Bu süreç asırlara sâri kardeşliğimizi hedef alan terör tehdidinin ortadan kaldırılması, toplumsal huzuru güçlendirme ve terörün ürettiği güvenlik maliyetini kalıcı olarak yok etme iradesinin kurumsallaşmış ifadesidir. Terörün sona erdirilmesi yalnızca bir güvenlik hedefi değil, Türkiye’nin sosyal, ekonomik, kültürel ve siyasal bütünlüğünün daha da tahkimi anlamına gelmektedir.

**

Toplumsal hayatın olağan akışının, siyasal rekabetin sağlıklı zemininin, ekonomik kalkınmanın sürdürülebilir planlamasının ve huzur ve güvenin daha da güçlendirilmesi bu sürecin doğal sonucudur. Terörün tamamen geride bırakılması ile birlikte, siyasal tartışmaların demokratik zeminde daha özgür ve daha nitelikli biçimde yürütülmesi, ekonomik yatırımların uzun vadeli perspektifle planlanması ve genç nesillerin geleceğe daha umutla bakabilmesi mümkün olacaktır.

**

… Önümüzdeki sürecin sağlıklı, denetlenebilir ve toplumsal güven üreten bir biçimde ilerleyebilmesi için yol haritası açık ve aşamalı bir çerçeveye dayanmalıdır.
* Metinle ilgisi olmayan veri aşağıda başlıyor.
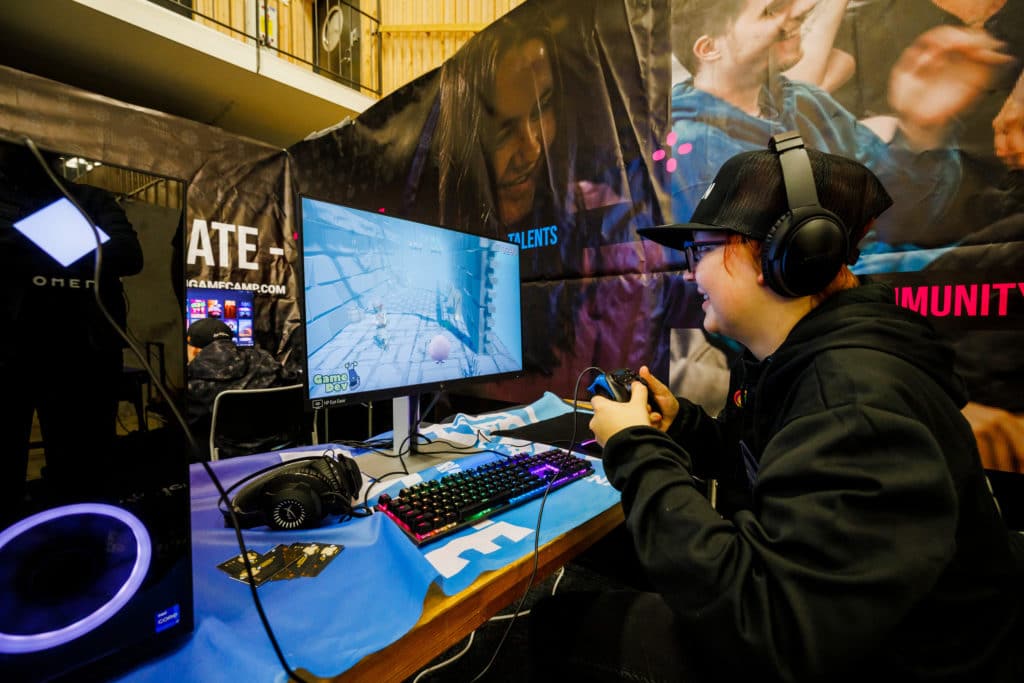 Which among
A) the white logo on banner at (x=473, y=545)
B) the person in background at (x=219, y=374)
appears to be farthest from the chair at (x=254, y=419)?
the white logo on banner at (x=473, y=545)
Bu çerçeve, bir yandan güvenlik ve hukuk alanında atılacak adımların sırasını ve kapsamını belirlerken, diğer yandan siyasal, ekonomik ve toplumsal boyutların birbirini tamamlayacak şekilde uyum içinde yürütülmesini sağlayacaktır. 

**

Böylece süreç, önceden öngörülen ve kurumlar arası mutabakatla şekillenmiş bir plan dahilinde ilerleyecektir. Örgütün illegal ideolojik ve finansal yapılanmalarıyla birlikte yurt içinde ve yurt dışındaki tüm şube, unsur ve uzantılarıyla silah bırakması ve kendini tasfiyesi somut, ölçülebilir ve teyit edilebilir biçimde kayıt altına alınmalıdır. Bu tespit ve teyit, sahadan gelen verilerin, kurumsal raporlamaların ve ulusal güvenlik değerlendirmelerinin birlikte işlendiği bütüncül bir mekanizma ile yapılmalıdır.

**

Bu aşamanın tamamlanmasının ardından, Türkiye Büyük Millet Meclisi tarafından hazırlanacak müstakil ve geçici kanun yürürlüğe konulmalıdır. Düzenleme hem kapsam hem süre bakımından sınırlı hem de hukuki güvenlik ilkesine uygun olmalıdır. Kanun hazırlık sürecinde, ilgili tüm kurumların görüşleri alınmalı; sahaya ilişkin verileri, hukuki risk analizleri ve uygulamaya dönük öngörüleri dikkatle değerlendirilmelidir. Böylece, Kanun teorik olarak tutarlı ve pratikte uygulanabilir bir metin haline gelecektir” devam ediyor rapor.

**

Daha önce de dedim. Raporlara bakınca, “bu etten aşık çıkmaz!”. Bakalım müşterek raporda ve mevzuatta yapılacak değişikliklerde anlaşabilecekler mi? Ne diyelim, inşallah anlaşabilirler.